Part I: Deamortized ST

A week or two ago I gave a talk at Mozilla, San Francisco on Cache-Oblivious Maps to the Bay Area Haskell User Group.

My goal with this series of posts is to ultimately improve on the conclusion of that talk to generate a purely functional version of a structure like Bender et al.'s cache-oblivious lookahead array and the stratified B-tree, closing the gap between the performance of imperative and functional data structures in this space.

In short I want a really fast Map, optimized for contiguous use of memory that hits provably optimal asymptotics across the board for a wide array of problems despite exposing a purely functional API.

We won't get there today, but we'll at least establish some of the building blocks.

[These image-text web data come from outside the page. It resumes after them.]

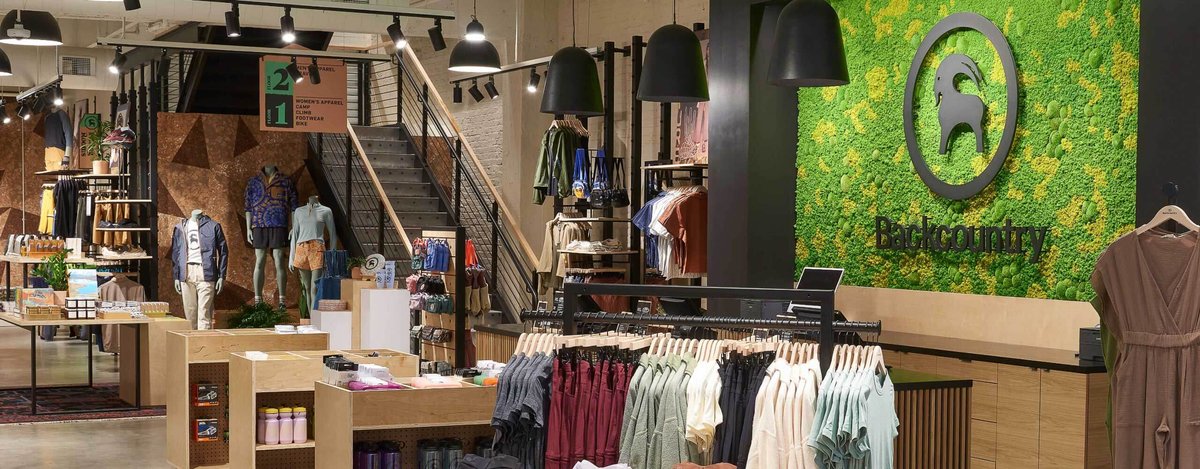 Washington DC Retail Store hero image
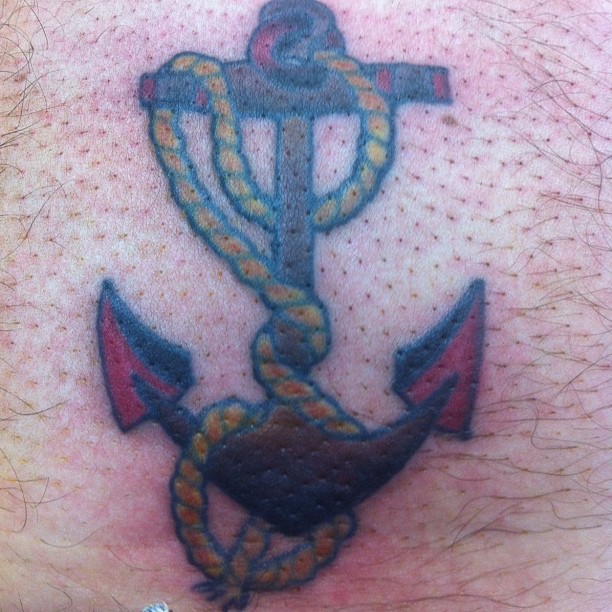 Tattoo by @ungratefulhussy — american_traditional, illustrative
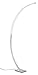 Produktbild Briloner Leuchten LED Stehlampe, Bogenleuchte, Stufenlos Dimmbar, 1950 Lumen, Metall, 18 W, Alu gebürstet, 165 x 75 cm, Kunststoff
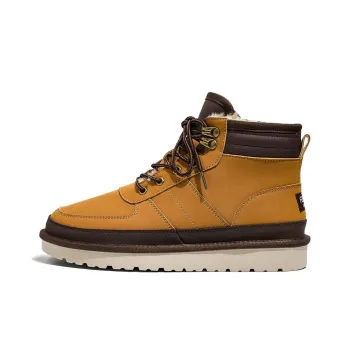 Seasonal Products Height Increasing Short Snow Boots Men's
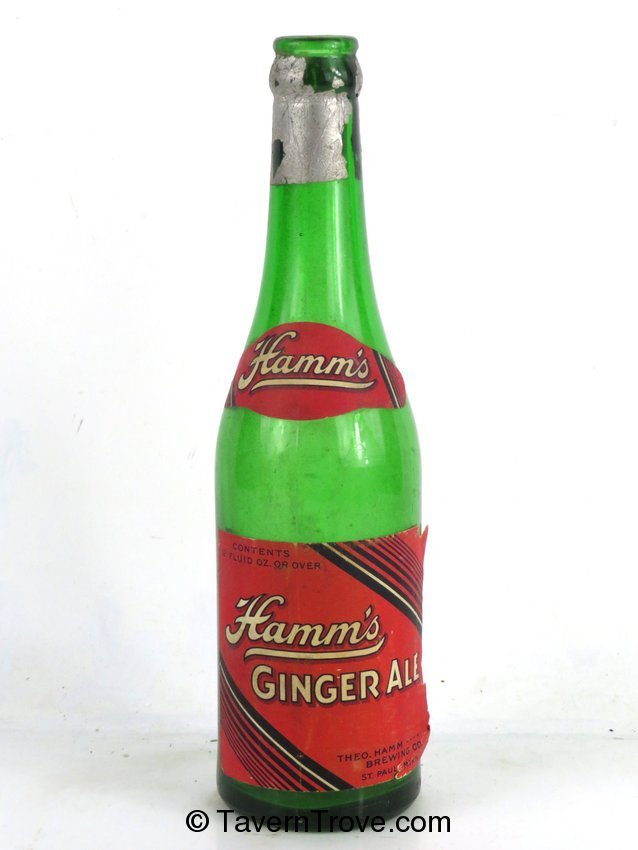 Hamm's Ginger Ale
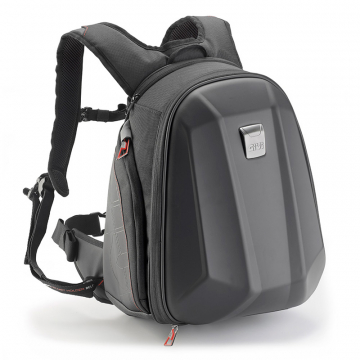 view Givi ST606 Rucksack with Thermoformed Shell Black, 22 Liters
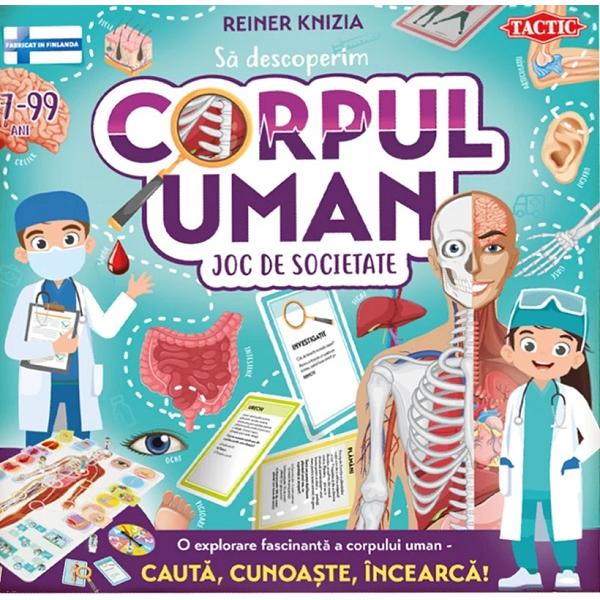 Joc de societate: Sa descoperim corpul uman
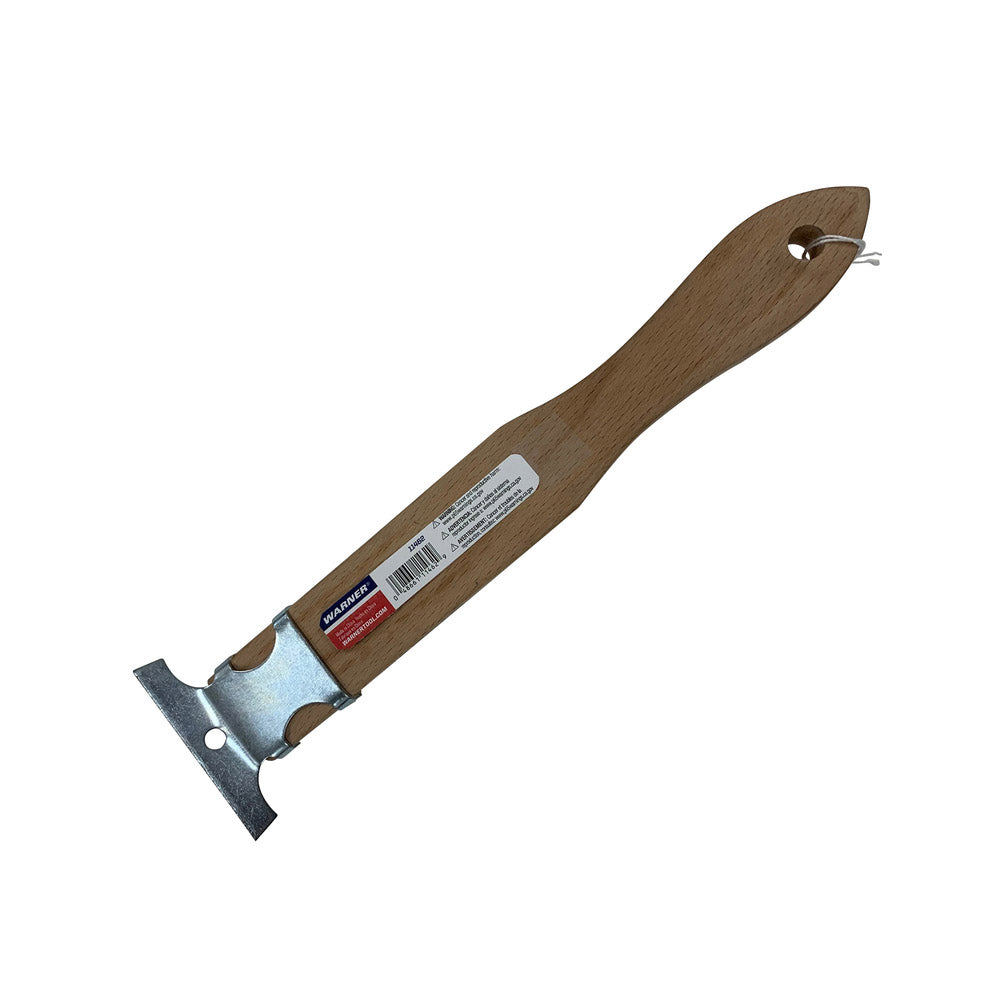 WIRE BRUSH W/SCRP 11"L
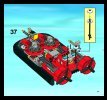 Building Instructions - LEGO - 7944 - Fire Hovercraft: Page 43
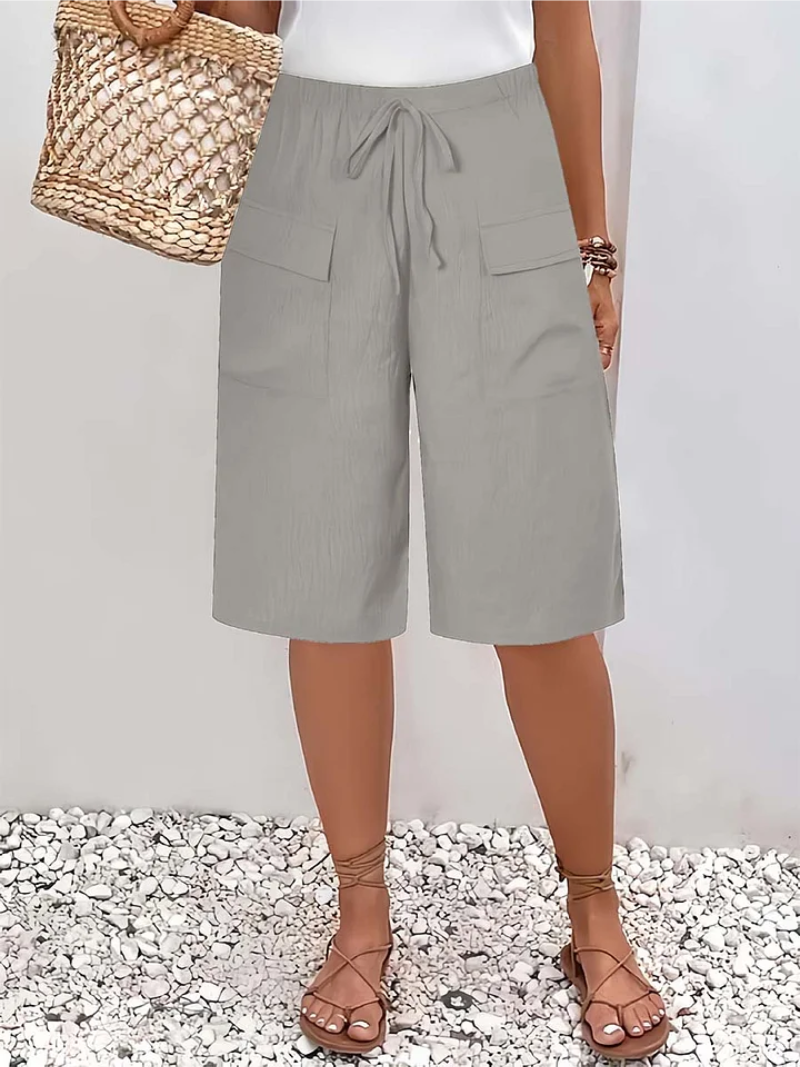 BELLUCCI MILANO | SHORTS CON CORDÓN PARA MUJERES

Today, I want to talk about a new trick that I came up with that allows us work with observably-functional algorithms in Haskell that can provide them with a purely-functional API in the same manner as the ST monad does today, but which permits us enough additional control over scheduling that we can deamortize many such algorithms.

The Price of Purity

In a purely functional language, amortized analysis is further hampered by the fact that every previous version of a structure is available at all times, so you have to consider that any structure can participate in multiple futures. This makes working with amortization much trickier.

You can't really earn credit by doing things cheaply and then use all that credit to do something big later depending on data not known when you earned the credit because someone may reuse the data structure with different data, and respend the same credit!

In a purely-functional setting, if you don't use your budget this time you won't get more to spend later. It is just gone!

The trick is coming up with the right contortions, so that you can build in enough lag in your data structures to ensure that you always have just enough to work on.

The Price of Laziness

Chris Okasaki's book Purely Functional Data Structures and thesis cover a suite of tools for reasoning about asymptotics in a pure lazy language.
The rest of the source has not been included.